◆ **Assigned task**: Please copy each line of the records below that includes the word "Alaska".

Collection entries
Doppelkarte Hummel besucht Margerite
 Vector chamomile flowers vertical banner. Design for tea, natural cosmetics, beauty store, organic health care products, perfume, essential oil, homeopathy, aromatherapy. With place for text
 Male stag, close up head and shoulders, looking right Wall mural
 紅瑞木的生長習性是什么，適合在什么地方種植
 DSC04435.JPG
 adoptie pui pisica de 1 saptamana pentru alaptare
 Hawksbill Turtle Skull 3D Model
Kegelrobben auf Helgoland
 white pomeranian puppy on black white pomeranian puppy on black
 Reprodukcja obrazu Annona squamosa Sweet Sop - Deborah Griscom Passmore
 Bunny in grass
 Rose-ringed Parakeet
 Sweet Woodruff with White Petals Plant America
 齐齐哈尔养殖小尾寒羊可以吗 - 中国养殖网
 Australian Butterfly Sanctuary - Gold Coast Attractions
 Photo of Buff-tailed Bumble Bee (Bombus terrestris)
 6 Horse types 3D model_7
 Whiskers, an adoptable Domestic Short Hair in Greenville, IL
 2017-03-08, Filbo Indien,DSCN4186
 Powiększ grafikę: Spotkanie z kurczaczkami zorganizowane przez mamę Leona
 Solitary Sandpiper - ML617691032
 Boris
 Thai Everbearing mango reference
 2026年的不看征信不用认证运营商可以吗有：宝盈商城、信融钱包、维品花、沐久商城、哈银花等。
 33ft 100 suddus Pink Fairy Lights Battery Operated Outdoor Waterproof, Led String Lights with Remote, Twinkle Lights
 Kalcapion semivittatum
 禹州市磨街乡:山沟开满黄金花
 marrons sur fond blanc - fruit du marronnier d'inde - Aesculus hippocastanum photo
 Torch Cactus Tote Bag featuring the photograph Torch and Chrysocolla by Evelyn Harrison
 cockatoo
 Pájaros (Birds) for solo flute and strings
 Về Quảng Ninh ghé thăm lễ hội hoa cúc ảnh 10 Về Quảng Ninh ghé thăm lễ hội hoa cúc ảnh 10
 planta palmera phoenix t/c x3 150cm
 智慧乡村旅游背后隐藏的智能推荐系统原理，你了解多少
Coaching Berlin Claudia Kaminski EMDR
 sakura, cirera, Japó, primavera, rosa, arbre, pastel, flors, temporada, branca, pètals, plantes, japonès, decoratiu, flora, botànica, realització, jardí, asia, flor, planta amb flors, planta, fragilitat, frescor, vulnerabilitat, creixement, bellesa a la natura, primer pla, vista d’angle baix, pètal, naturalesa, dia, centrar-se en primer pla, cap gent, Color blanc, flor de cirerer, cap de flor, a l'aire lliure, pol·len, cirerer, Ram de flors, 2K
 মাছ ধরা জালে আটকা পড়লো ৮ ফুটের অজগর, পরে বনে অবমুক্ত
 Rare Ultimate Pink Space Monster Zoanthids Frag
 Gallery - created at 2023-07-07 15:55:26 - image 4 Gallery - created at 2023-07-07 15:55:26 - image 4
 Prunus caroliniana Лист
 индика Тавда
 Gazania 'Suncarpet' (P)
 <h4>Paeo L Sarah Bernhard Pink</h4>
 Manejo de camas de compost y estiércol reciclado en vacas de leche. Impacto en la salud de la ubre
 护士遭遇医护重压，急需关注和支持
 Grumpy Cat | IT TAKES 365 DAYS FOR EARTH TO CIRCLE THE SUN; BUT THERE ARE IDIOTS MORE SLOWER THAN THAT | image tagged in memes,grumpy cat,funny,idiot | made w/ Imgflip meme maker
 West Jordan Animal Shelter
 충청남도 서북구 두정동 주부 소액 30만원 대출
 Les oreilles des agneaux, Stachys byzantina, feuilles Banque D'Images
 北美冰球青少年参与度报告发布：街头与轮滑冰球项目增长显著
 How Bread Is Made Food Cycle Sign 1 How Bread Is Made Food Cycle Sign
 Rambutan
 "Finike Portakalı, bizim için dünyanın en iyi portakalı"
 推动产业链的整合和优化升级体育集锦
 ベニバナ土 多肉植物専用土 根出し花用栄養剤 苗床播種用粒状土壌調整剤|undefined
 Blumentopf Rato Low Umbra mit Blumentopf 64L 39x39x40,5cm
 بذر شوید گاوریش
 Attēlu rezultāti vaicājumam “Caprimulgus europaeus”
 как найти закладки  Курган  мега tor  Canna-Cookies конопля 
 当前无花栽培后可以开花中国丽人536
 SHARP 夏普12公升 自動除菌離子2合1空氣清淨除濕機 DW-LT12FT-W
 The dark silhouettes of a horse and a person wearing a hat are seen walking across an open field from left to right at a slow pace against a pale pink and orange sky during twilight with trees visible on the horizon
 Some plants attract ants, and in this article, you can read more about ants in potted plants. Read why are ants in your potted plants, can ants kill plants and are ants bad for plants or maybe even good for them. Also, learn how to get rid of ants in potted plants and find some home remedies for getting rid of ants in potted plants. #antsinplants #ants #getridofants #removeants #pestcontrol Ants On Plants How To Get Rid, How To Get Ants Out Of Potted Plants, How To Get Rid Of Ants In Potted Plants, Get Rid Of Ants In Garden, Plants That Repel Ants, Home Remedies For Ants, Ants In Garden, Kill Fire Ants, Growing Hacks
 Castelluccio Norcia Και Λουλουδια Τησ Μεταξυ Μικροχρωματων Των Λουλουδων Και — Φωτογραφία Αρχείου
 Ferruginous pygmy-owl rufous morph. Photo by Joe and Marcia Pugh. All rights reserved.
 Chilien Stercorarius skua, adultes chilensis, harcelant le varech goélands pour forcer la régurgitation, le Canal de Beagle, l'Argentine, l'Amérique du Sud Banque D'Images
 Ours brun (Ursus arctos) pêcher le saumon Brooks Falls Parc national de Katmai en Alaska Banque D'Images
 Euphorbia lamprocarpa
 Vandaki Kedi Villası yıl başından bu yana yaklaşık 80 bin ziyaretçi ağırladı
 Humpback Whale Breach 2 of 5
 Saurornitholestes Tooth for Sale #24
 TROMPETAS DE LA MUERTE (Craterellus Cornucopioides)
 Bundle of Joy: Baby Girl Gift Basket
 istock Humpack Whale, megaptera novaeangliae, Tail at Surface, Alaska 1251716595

◆ **Your solution**:
 Ours brun (Ursus arctos) pêcher le saumon Brooks Falls Parc national de Katmai en Alaska Banque D'Images
 istock Humpack Whale, megaptera novaeangliae, Tail at Surface, Alaska 1251716595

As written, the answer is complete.